Important early charting of Alaska and and the Northwest Coast of Canada, illustrating the most up to date discoveries along the coastlines and following the the discovery of the Northwest Passage.
First issued by the British Admiralty in 1853, this is without question one of the most important charts for tracking the discoveries and evolution of knowledge regarding Alaska. The present example includes significant revisions from the 1853 edition, most notably along the entire course of the Yukon River and its tributaries and neighboring topography, which has been added to and improved upon dramatically. The details along the Alaskan Range are also present in this edition of the map.
The chart is filled with details identifying the discoveries and surveys along the Alaskan Coastline, Behring Straits and tne Arctic Sea, along with some detail along the Yukon River, tracking the river to its various sources and showing Fort Yukon and other early primitive details in the Alaskan interior. The details around Kodiak Island and the whole of the Gulf of Alaska are changed dramatically, as are the contiguous rivers and coastal mountain ranges. An example of the University of Alaska's copy of the 1859 edition (as annotated in manuscript by George Davidson in 1867) can be seen here: vilda.alaska.edu/cdm/singleitem/collection/cdmg11/id/13492/rec/8
The map is one of three sheets published by the British Admiralty, showing the entire northwest passage. Examples of the other two charts can be seen here: /gallery/detail/30460.
The map is very rare, with only 1 example appearing in a dealer catalog in the past 30 years and no copies appearing at auction. OCLC locates no examples of this edition of the map. OCLC locates only 1 example of the 1853 edition (British Library) and 2 examples of the 1859 edition (University of Alaska and Connecticut State Library). OCLC locates no other examples prior to 1898. We also located examples at the Royal Geographical Society and Canadian National Archives (1853 edition). The University of Alaska copy is signed and annotated by George Davidson.
The British Admiralty has produced nautical charts since 1795 under the auspices of the United Kingdom Hydrographic Office (HO). Its main task was to provide the Royal Navy with navigational products and service, but since 1821 it has also sold charts to the public.

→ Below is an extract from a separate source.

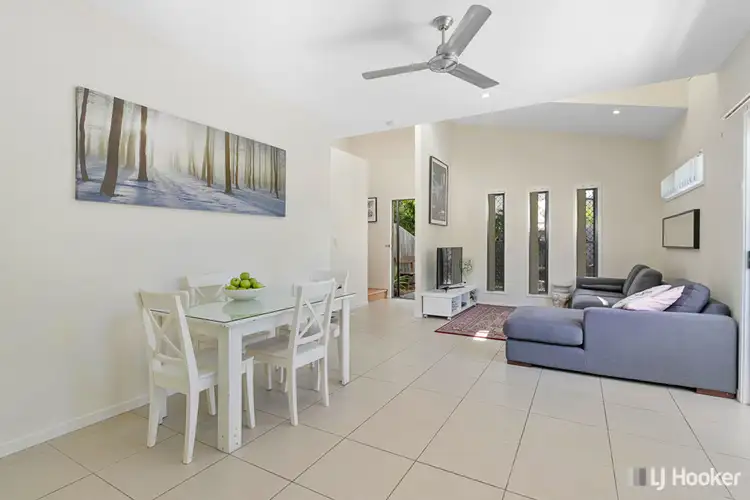 Seventh view of Homely townhouse listing, 4/104 Wynyard Street, Cleveland QLD 4163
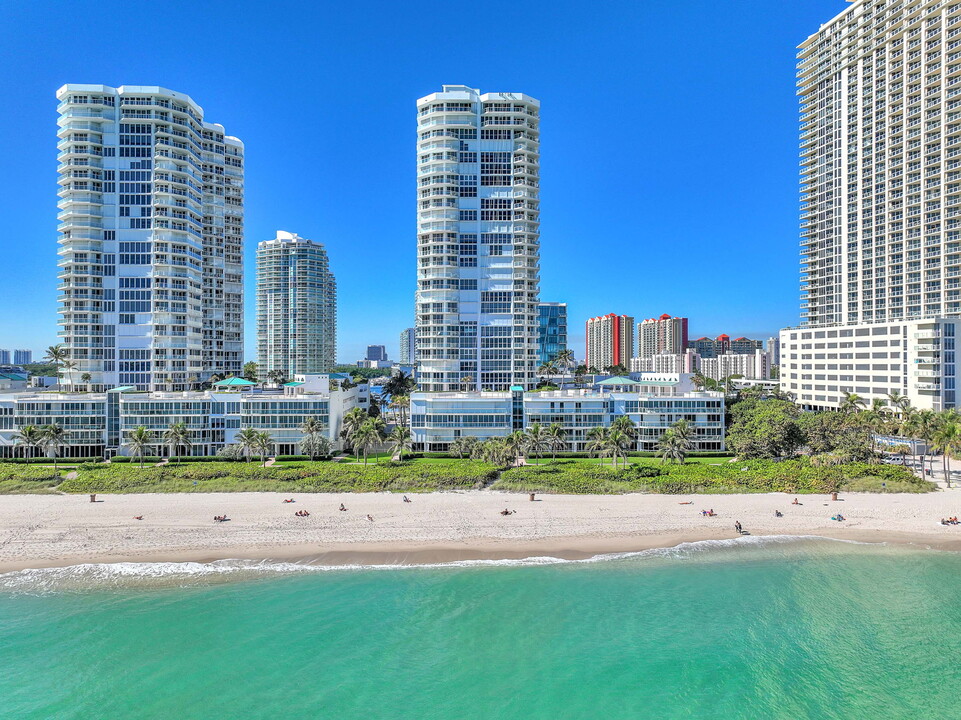 16485 Collins Ave, Unit 2136 in Sunny Isles Beach, FL - Building Photo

In 1795, King George III appointed Alexander Dalrymple, a pedantic geographer, to consolidate, catalogue, and improve the Royal Navy’s charts. He produced the first chart as the Hydrographer to the Admiralty in 1802. Dalrymple, known for his sticky personality, served until his death in 1808, when he was succeeded by Captain Thomas Hurd. The HO has been run by naval officers ever since.
Hurd professionalized the office and increased its efficiency. He was succeeded by the Arctic explorer Captain William Parry in 1823. By 1825, the HO was offering over seven hundred charts and views for sale. Under Parry, the HO also began to participate in exploratory expeditions. The first was a joint French-Spanish-British trip to the South Atlantic, a voyage organized in part by the Royal Society of London.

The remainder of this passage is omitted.